Es ist erstaunlich, wie plemplem unsere Journalisten sind. Gestern habe ich mich so sehr über die WELT Kompakt amüsiert, dass ich mir das Springer-Käsblatt sogar mal gekauft habe. Andrea Seibel, immerhin stellvertretende Chefredakteurin der WELT, präsentiert zwar einiges an Erkenntnisgewinnen, die Schlüsse,
die sie daraus zieht, jedoch sind so abwegig, dass man aus dem Kopfschütteln gar nicht mehr rauskommt.
Es ist wahr: Die Linkspartei ist in der Welt. Man kann sie nicht einfach wegreden. Sie ist da und gibt der SPD den Rest. Man müsste sich der Linkspartei also stellen.
Ich wäre der Letzte, der objektive Wahrheiten nicht anerkennen würde. Sie hat Recht!

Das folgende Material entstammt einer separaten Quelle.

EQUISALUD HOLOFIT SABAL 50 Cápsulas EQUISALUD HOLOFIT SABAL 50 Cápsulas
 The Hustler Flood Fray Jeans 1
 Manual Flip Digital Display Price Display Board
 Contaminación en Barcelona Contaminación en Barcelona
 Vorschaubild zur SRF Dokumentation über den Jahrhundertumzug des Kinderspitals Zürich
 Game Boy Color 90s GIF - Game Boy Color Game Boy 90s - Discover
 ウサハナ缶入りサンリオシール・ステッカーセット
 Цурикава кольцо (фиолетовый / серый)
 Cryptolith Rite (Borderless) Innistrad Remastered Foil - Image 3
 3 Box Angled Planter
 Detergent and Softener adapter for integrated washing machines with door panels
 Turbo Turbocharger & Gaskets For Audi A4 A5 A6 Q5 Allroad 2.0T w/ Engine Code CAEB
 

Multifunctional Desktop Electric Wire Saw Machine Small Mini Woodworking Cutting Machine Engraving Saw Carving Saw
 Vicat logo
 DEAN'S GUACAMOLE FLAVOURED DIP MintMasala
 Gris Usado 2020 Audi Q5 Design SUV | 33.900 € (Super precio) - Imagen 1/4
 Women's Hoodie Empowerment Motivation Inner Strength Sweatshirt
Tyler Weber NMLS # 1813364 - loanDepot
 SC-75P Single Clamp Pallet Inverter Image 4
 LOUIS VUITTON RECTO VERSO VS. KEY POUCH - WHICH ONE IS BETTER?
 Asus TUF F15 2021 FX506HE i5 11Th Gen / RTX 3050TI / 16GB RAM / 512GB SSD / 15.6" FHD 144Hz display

Man müsste sich der Linkspartei also stellen. Noch wichtiger ist aber, sie zu stellen. Nichts davon tut die SPD, deren ureigenste Aufgabe, allein aus Stolz, Geschichtsbewusstsein und Selbsterhaltungstrieb, dies wäre.
Irgendwie auch richtig, aber die wichtigste Aufgabe der SPD wäre derzeit, sich einer Auseinandersetzung mit sich selbst zu stellen.
Die einst stolze Partei hat ihren inneren Kern verloren. Da ist kein Leuchten mehr, sondern Verwirrung und Verbitterung.
Absolut richtig! Aber...
Wo sind die Stimmen in der Öffentlichkeit, die Lafontaines Behauptungen konterkarieren? Wo sind die wirklich kernigen Sätze aus Strucks, Steinbrücks, Steinmeiers oder Münteferings Munde?
Na, das würde ja gerade noch fehlen, wenn ausgerechnet die größten Idioten der SPD, die diese Krise heraufbeschworen haben und derzeit dummerweise das Gesicht der SPD darstellen, auch noch in der Krise für die SPD sprechen
sollen! Und warum soll die SPD Lafontaines Behauptungen konterkarieren? Sie soll die Behauptungen übernehmen!
Stattdessen glaubt man, sich der Linkspartei gegenüber abwartend und offen verhalten zu müssen, und unterwirft sich ihr doch, schaut man auf jene Erklärung der 60 aus der SPD, die von jedem Linksparteimitglied unterschrieben werden kann.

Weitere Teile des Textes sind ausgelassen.